The AI era has proven that freemium at truly massive scale works spectacularly well:
- ChatGPT: $0 → $20B ARR in 3 years
- Claude: $0 → $5B ARR in 2 years
- Midjourney: $0 → $500M in 3 years (with zero funding!)
But these are exceptions that prove the rules:
- You need hundreds of millions of users for pure freemium to work
- Or you need enterprise sales layered on top of freemium
- Or you need higher ACVs through professional/power user targeting
Another great lesson from the AI boom: Even ChatGPT, with 800 million weekly users and the most viral product launch ever, still needs to go enterprise. OpenAI has 3+ million paying business users, and that number is growing faster than consumer subscriptions.
Freemium Alone Still Has a Ceiling, But It’s Higher For AI Apps
Pure, automated freemium — you put up a website, and the money automatically rolls in, once people hit the choke point, no salespeople — it’s wonderful. It works.

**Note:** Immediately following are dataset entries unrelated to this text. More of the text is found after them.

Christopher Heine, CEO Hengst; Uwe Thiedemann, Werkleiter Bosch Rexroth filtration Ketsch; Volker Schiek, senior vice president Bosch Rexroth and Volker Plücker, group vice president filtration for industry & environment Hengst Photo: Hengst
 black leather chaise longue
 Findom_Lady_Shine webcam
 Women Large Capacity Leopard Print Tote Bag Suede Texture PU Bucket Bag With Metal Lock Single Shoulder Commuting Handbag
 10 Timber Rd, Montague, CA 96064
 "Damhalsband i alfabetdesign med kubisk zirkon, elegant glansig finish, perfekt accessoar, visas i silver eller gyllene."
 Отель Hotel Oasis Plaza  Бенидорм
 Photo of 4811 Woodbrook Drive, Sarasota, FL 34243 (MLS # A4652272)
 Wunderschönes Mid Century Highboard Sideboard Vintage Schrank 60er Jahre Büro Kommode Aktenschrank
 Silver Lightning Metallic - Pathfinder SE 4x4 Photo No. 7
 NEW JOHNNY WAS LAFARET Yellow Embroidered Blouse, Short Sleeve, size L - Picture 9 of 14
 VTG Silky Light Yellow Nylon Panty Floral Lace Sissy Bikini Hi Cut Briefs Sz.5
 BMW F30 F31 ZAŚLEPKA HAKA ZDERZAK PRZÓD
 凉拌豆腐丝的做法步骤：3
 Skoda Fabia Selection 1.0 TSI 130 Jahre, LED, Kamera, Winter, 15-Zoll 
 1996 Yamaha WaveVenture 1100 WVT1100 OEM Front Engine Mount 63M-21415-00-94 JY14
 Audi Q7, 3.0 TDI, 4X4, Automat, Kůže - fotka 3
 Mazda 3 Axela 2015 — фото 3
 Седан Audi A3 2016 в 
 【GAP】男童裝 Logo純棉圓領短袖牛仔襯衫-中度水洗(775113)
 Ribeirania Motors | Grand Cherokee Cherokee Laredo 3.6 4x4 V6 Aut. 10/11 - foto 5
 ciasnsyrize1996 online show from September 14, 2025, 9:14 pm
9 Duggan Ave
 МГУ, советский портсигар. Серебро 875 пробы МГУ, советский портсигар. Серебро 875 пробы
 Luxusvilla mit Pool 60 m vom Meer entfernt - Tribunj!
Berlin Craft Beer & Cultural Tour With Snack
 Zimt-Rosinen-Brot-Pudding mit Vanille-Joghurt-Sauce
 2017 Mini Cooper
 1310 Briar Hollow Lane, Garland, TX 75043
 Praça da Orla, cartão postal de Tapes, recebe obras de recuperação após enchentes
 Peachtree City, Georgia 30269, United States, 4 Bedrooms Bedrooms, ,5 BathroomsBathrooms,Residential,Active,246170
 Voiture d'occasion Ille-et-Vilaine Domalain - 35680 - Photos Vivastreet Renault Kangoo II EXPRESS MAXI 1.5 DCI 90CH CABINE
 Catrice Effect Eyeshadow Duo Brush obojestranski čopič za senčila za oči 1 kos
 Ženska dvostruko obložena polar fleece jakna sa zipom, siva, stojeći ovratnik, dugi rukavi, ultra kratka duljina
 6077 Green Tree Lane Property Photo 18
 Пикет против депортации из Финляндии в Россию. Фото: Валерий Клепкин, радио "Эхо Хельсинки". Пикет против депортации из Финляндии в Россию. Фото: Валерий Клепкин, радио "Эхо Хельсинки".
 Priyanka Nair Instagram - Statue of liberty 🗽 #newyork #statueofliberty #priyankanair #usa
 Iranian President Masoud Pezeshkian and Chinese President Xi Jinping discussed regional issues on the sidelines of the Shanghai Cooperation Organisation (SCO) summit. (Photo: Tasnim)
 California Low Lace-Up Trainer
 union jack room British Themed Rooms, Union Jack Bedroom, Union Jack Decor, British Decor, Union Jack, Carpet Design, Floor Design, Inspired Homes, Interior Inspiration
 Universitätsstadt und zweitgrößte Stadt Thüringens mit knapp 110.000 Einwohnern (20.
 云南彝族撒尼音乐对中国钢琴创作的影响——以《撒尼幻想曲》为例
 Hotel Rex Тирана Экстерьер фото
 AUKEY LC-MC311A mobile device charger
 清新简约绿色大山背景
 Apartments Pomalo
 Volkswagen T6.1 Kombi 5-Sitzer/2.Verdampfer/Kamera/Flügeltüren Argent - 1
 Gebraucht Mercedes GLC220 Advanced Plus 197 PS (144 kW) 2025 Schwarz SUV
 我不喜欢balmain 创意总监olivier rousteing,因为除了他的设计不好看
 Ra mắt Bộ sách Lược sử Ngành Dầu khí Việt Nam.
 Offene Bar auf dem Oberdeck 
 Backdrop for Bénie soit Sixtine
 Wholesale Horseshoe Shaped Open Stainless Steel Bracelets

But to get to an IPO, alone? It can happen — but it’s still less common than tilting upmarket to get to higher ACVs.
More likely, you’ll need to build on top of it, and add more.
So just don’t fear adding a sales team, and driving up your ACV and value over time, if you start Freemium. Many of the best have done just that — including the AI leaders.
The AI freemium giants have proven the math works at scale. But they’ve also proven you need truly massive scale to make it work.